“İçtihat Metni”

MAHKEMESİ : …..FİKRİ VE SINAÎ HAKLAR HUKUK MAHKEMESİ
TARİHİ : 28/04/2014
NUMARASI : 2013/292-2014/93

Taraflar arasında görülen davada …. Fikri ve Sınaî Haklar Hukuk Mahkemesi’nce bozmaya uyularak verilen 28/04/2014 tarih ve 2013/292-2014/93 sayılı kararın duruşmalı olarak incelenmesi davalı vekili tarafından istenmiş olup, duruşma için belirlenen 01/12/2015 günü başkaca gelen olmadığı yoklama ile anlaşılıp hazır bulunan davalı vekili Av. R.. S.. dinlenildikten sonra duruşmalı işlerin yoğunluğu ve süre darlığından ötürü işin incelenerek karara bağlanması ileriye bırakıldı. Tetkik Hakimi tarafından düzenlenen rapor dinlenildikten ve yine dosya içerisindeki dilekçe, layihalar, duruşma tutanakları ve tüm belgeler okunup incelendikten sonra işin gereği görüşülüp, düşünüldü:

Davacının İddia ve Görüşleri


Davacı vekili, müvekkili şirketin 1855 yılında Almanya’da kurulduğunu ve yazım araçları sektöründe faaliyet gösterdiğini, 1950 yılından bu yana da Türkiye pazarında faaliyet gösteren müvekkiline ait markaların kalite ve güvenilirlikleriyle Dünya çapında tanınmışlık kazandıklarını, bu davanın konusu olan “S… S.. P.. 88” şekil markalı ürünün 2005-2008 yılları arasında Türkiye’de 10 milyonun üzerinde satış başarısı gösterdiğini, ince uçlu keçe kalem olan “S.. S.. P.. 88” markasının biçimi ile özdeşleştiğini ve tüketici nezdinde benimsendiğini, söz konusu ürünün 1989 yılında TPE nezdinde tescil edildiğini, davalının işyerinde müvekkili adına tescilli olan “S.. S.. P.. 88” şekil markalı ürünün aynısı olan ürünleri bulundurduğunu ve satışa sunduğunu, taklit ürünleri işyerinde bulunduran, bunların satış ve pazarlamasını gerçekleştiren ve bunları katalog, afiş, ilan ve benzer araçlar vasıtasıyla teşhir eden davalının bu fiillerinin müvekkilinin marka hakkına tecavüz teşkil ettiğini, ayrıca davalının müvekkilinin yukarıda anılan markasını taşıyan ürün ve ürün ambalajı ile iltibas oluşturan “N…” ibareli taklit kalemleri piyasada sattığını, böylece davalının müvekkilinin markasından bedelsiz ve haksız şekilde faydalandığını, davalının açıklanan eylemlerinin aynı zamanda haksız rekabete de yol açtığını ileri sürerek, davalının eylemlerinin marka hakkına tecavüz ve haksız rekabet teşkil ettiğinin tespitine, önlenmesine, söz konusu ürünlerin ve bu ürünleri tanıtmaya yarayan her türlü evrakın imalinin, satışının ve dağıtımının durdurulmasına ve bu ürünlerle evraka el konulmasına, 5.000 TL maddi, 5.000 TL manevi tazminatın tahsiline, hükmün ilanına karar verilmesini talep ve dava etmiş, 24.07.2009 tarihli ıslah dilekçesi ile maddi tazminat talebini 18.930 TL.’ye yükseltmiştir.

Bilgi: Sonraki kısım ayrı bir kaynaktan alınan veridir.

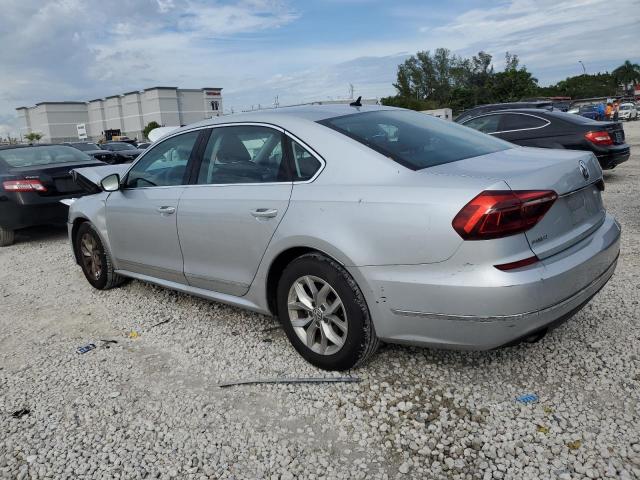 Photo 1 VIN: 1VWAT7A39HC074022 - VOLKSWAGEN PASSAT S 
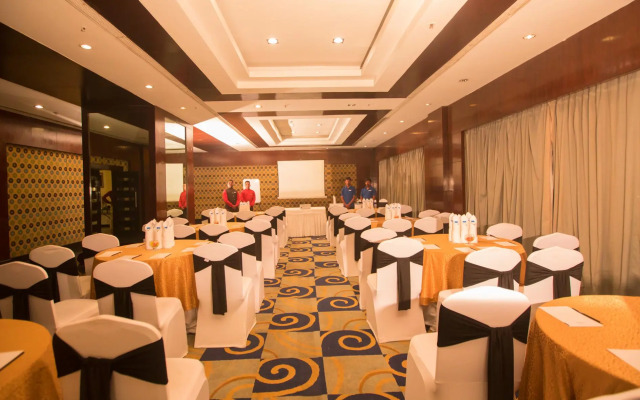Fortune Park JP Celestial, Bengaluru - Member ITC Hotels' Group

Davalının İddia ve Görüşleri


Davalı vekili, davanın reddini savunmuştur.

Yerel Mahkeme Kararı


Mahkemece, Dairemize ait 21.11.2012 tarihli ilama dayanılarak, davacının 16. sınıfta tescilli “S.. S.. p.. 88+şekil” markalı özgün nitelikteki ürünleri ile davalının satışa sunduğu “N..” markalı ürünlerin, üzerinde yazan markalar hariç, genel görünüş bakımından boyut, renk, doku, ebat ve biçim olarak ayırt edilemeyecek kadar benzerlik taşıdığı, davacının sessiz kalma yoluyla hak kaybına uğramadığı, 556 sayılı KHK’nın 66/2-b maddesi kapsamında, ele geçirilen ürün adedi, maliyet ve satış fiyatları, ihlalin ağırlığı dikkate alınarak 18.930 TL maddi tazminat talep edilebileceği gerekçesiyle davanın kabulüne, davalının eyleminin davacının marka hakkına tecavüz ve haksız rekabet oluşturduğunun tespitine, men’ine, sonuçlarının ortadan kaldırılmasına, 18.930 TL maddi ve 5.000 TL manevi tazminatın davalıdan tahsiline, hüküm özetinin ilanına karar verilmiştir.


Kararı, davalı vekili temyiz etmiştir.

Yargıtay Kararı


Dosyadaki yazılara, mahkemece uyulan bozma kararı gereğince hüküm verilmiş olmasına ve delillerin takdirinde bir isabetsizlik bulunmamasına göre, davalı vekilinin bütün temyiz itirazları yerinde değildir.


SONUÇ:

Yukarıda açıklanan nedenlerden dolayı, davalı vekilinin bütün temyiz itirazlarının reddiyle usul ve kanuna uygun bulunan hükmün ONANMASINA, aşağıda yazılı bakiye 1.225,95 TL temyiz ilam harcının temyiz eden davalıdan alınmasına, 03/12/2015 tarihinde oybirliğiyle karar verildi.